* [TASK BRIEF]: Please write out every record exactly, but keep any images out of it.

START ENTRIES SHOWN

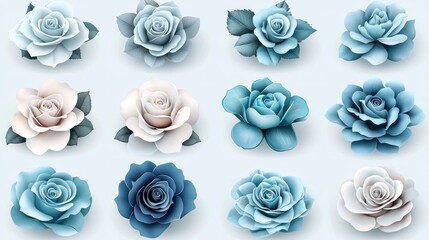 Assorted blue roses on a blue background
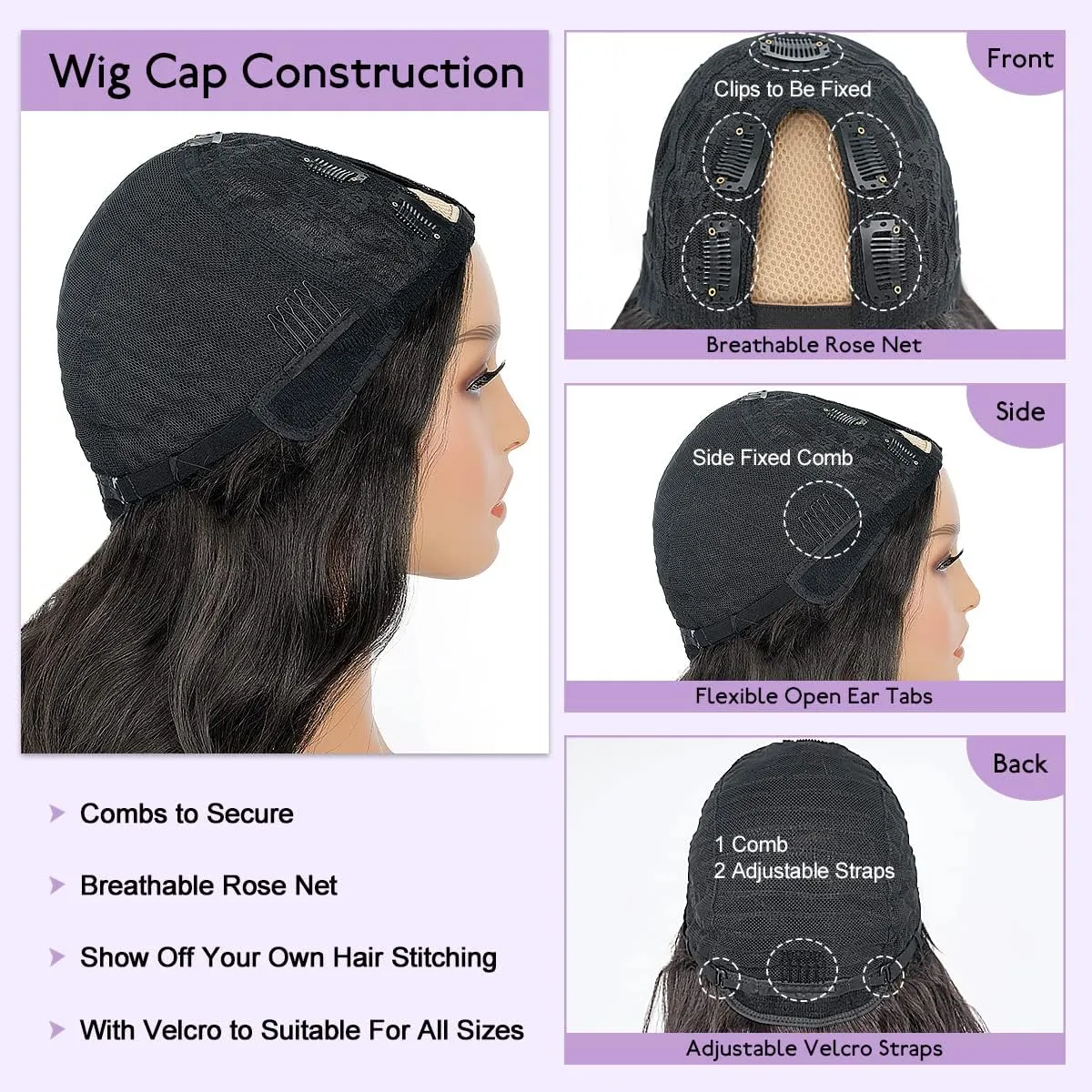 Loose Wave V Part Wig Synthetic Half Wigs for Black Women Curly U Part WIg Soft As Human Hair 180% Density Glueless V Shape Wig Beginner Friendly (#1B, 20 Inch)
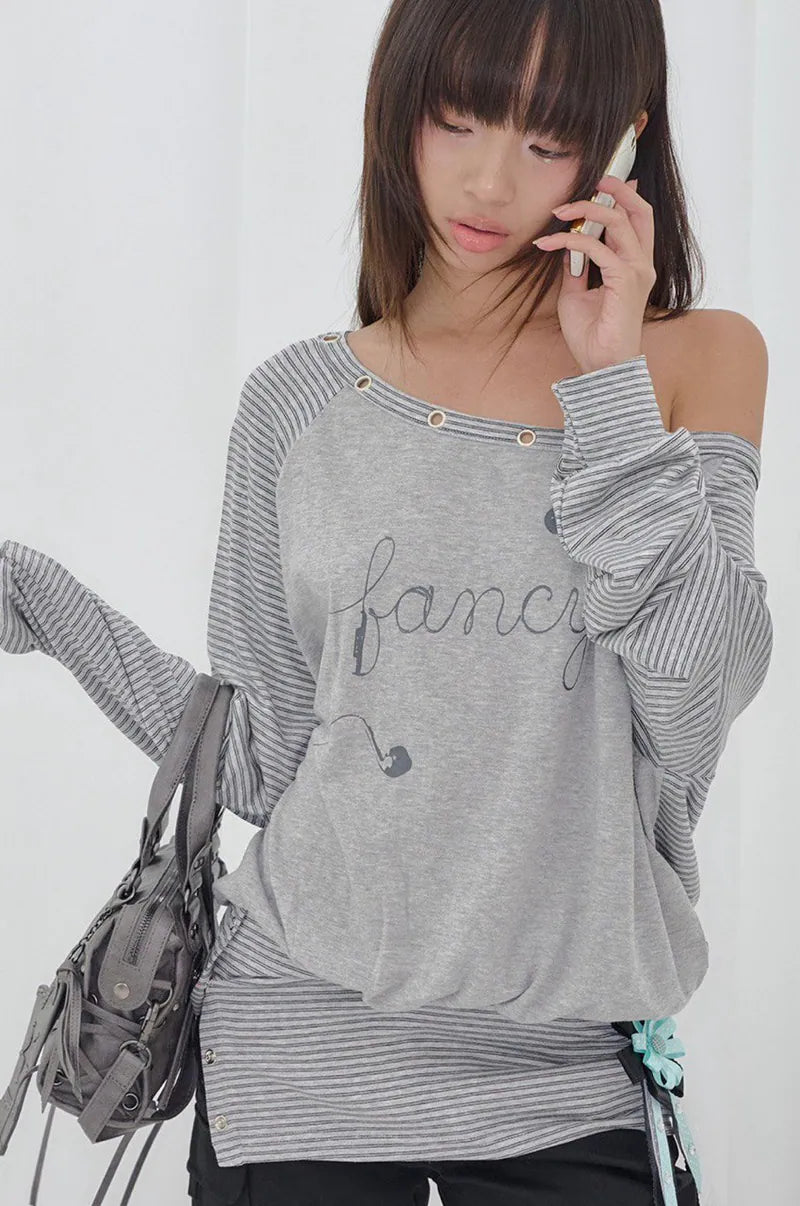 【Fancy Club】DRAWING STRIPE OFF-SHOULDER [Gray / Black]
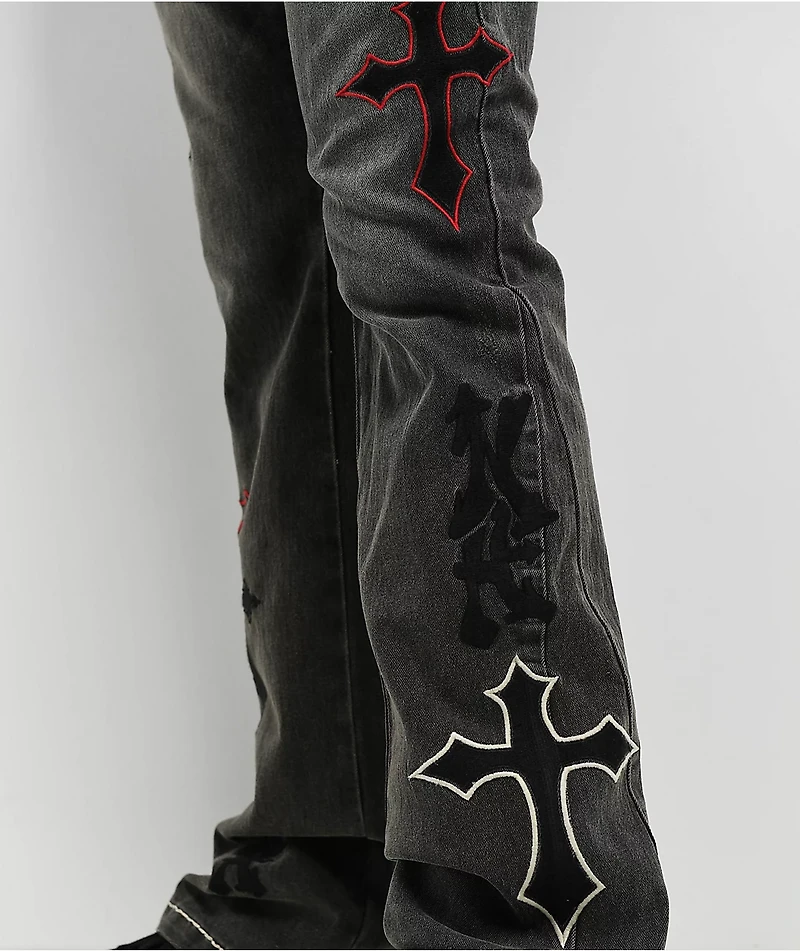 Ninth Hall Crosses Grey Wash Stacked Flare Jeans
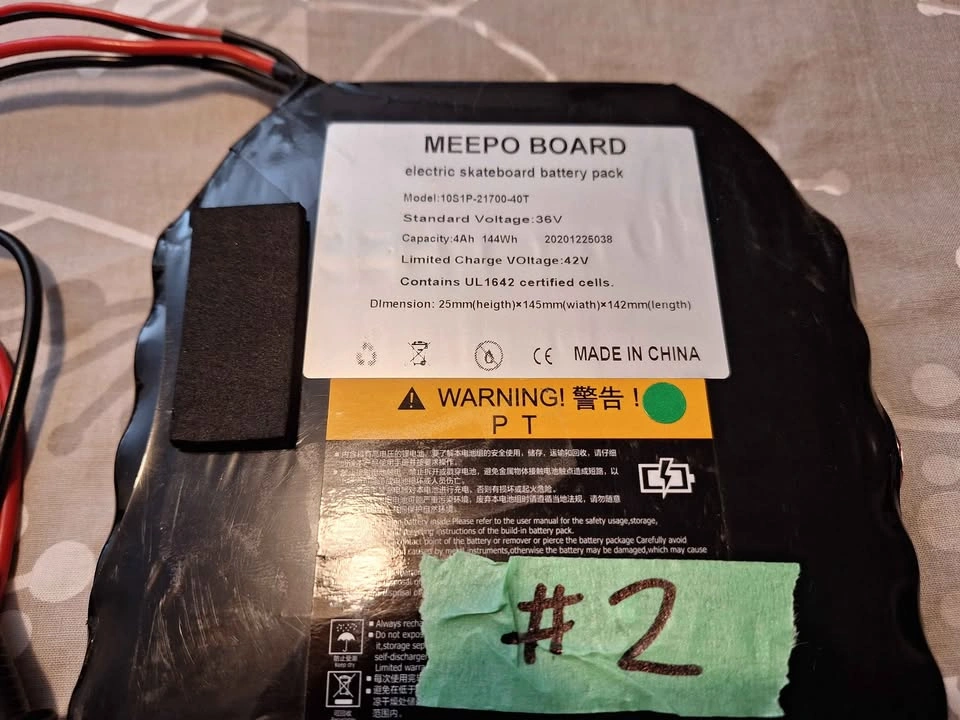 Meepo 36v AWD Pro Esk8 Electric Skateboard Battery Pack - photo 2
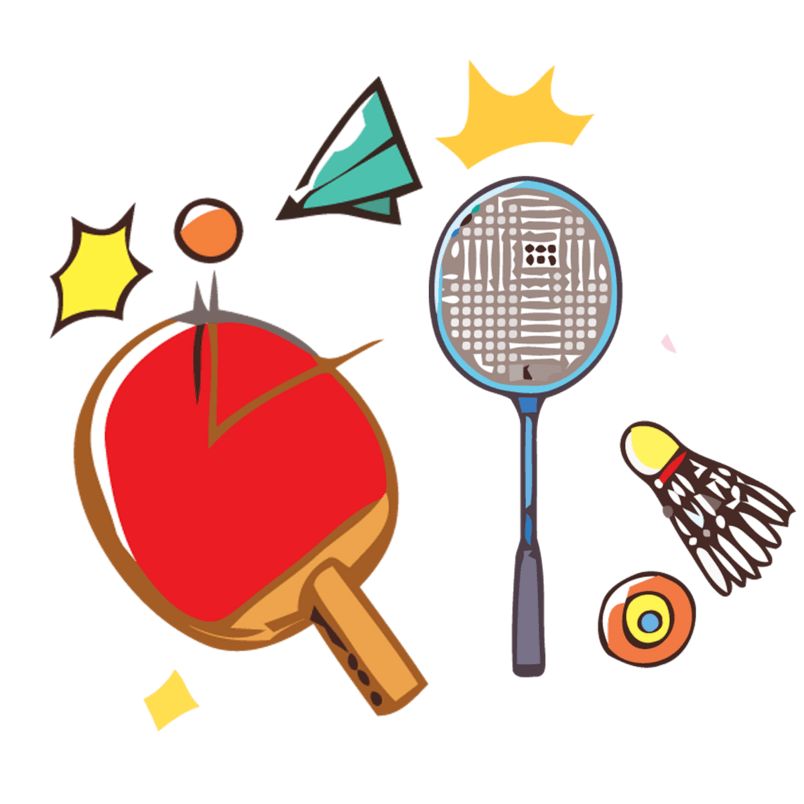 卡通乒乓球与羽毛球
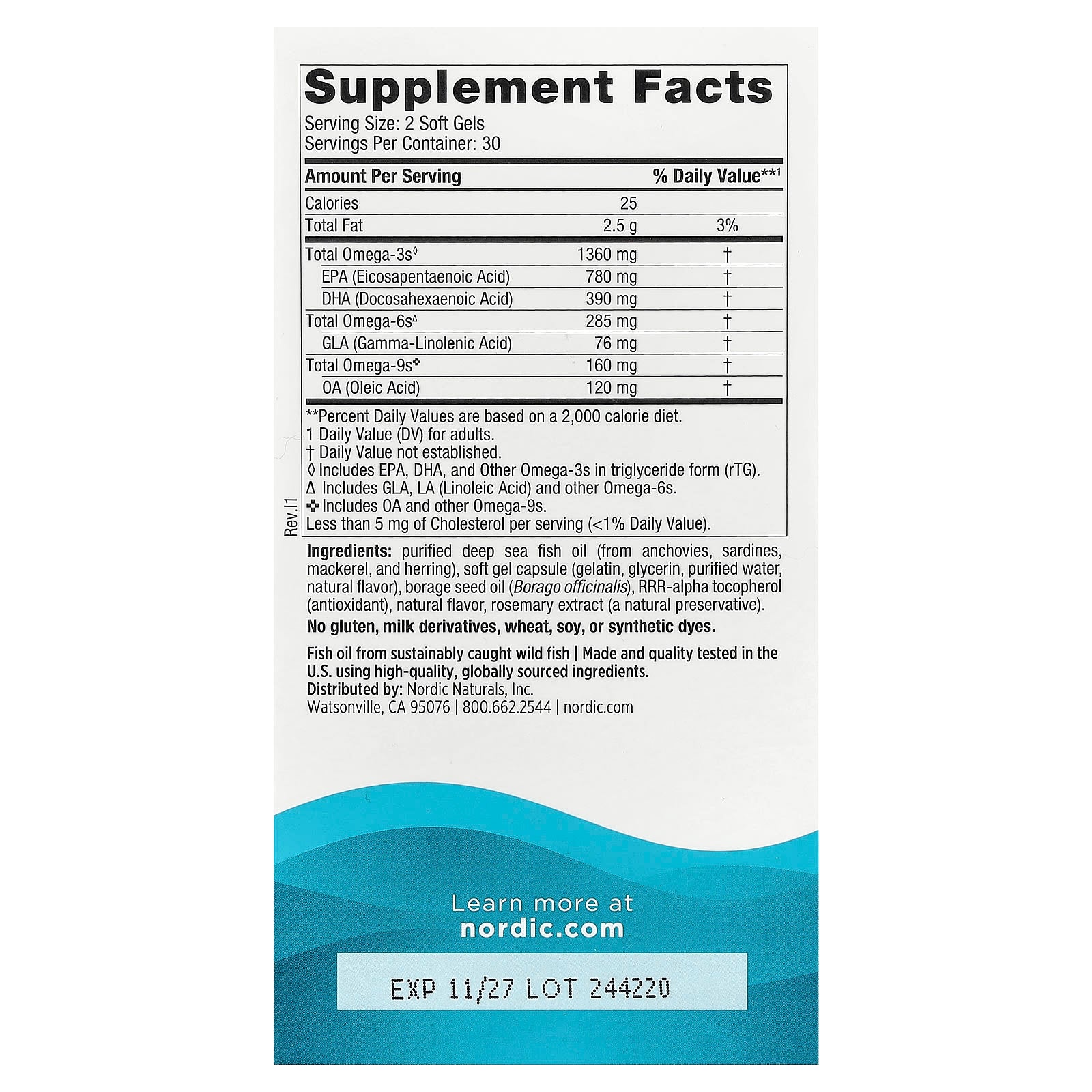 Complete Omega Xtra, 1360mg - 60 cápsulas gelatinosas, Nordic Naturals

END ENTRIES SHOWN

* [WRITTEN REPLY]:
 Assorted blue roses on a blue background
 Loose Wave V Part Wig Synthetic Half Wigs for Black Women Curly U Part WIg Soft As Human Hair 180% Density Glueless V Shape Wig Beginner Friendly (#1B, 20 Inch)
 【Fancy Club】DRAWING STRIPE OFF-SHOULDER [Gray / Black]
 Ninth Hall Crosses Grey Wash Stacked Flare Jeans
 Meepo 36v AWD Pro Esk8 Electric Skateboard Battery Pack - photo 2
 卡通乒乓球与羽毛球
 Complete Omega Xtra, 1360mg - 60 cápsulas gelatinosas, Nordic Naturals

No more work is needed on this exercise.